5. The 1.9 million bumiputra who have already reached a higher standard of living will have to modify many aspects of their usual ways of doing business. Many will already be competitive, driven individuals, because by now, there are hundreds of thousands of well-qualified bumiputra engineers, neurosurgeons, architects, economists, bank officers, actuaries, doctors, graduate teachers and so on.
But there are also thousands of bumiputra politicians, mostly in the ruling parties, for whom agitating for continuing privileges as they are, politicising anything that changes the most minute aspect of a discriminative system based on racial exceptionalism, is all they know how to do. They cannot think out of the box! But the world is changing faster and faster and will not wait for anyone.
It’s a travesty to base a system of social re-engineering solely on race and then, to fight fiercely for its maintenance and brand those who propose a review as having seditious tendencies.
We must bite the bullet.
We owe this, firstly, to the truly poor and disadvantaged bumiputra because they are being ill-served by a system that has inevitably been corrupted while pretending to defend them.

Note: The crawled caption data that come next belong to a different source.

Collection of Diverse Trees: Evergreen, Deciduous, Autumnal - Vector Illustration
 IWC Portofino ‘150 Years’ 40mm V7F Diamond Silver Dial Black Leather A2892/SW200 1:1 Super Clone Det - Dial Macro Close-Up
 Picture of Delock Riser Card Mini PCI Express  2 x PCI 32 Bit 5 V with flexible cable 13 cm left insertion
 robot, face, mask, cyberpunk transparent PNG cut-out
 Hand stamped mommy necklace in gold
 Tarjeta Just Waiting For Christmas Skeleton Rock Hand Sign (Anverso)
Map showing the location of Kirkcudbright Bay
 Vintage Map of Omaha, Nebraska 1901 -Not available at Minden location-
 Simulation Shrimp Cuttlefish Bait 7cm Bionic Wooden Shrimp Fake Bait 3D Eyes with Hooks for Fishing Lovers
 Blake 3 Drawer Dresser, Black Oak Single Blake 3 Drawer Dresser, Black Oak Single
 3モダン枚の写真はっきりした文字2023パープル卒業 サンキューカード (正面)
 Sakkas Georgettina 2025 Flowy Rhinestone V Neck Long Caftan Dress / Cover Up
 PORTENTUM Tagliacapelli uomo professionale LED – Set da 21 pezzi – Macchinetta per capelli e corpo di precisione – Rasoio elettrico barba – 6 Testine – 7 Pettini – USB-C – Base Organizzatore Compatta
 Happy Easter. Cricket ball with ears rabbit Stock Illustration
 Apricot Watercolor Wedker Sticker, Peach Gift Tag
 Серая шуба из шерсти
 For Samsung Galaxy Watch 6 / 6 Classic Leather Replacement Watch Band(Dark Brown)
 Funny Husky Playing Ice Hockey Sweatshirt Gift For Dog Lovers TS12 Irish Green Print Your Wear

In this tentative analysis, I used a figure of 1,909,500 bumiputra whose household income might theoretically exceed a nominal figure of RM 20,000 per annum. The actual cutoff point must be determined by collective, sincere efforts by a team of experts and then by a preferably bipartisan council of politicians and others. But the principle remains, whatever particular numbers are finally adopted - to have a rational basis for helping bumiputra based on economic need.
If it can be implemented, then it also addresses the often unfair assertion about bumiputra - that they got where they are ‘because’ of special privileges.
This approach, to me, seems to make more sense than merely incorporating the Rukunegara into the constitution and believing that everything will work out well.
We have to face our devils, confront them and pool our collective intelligence and energies to fight them.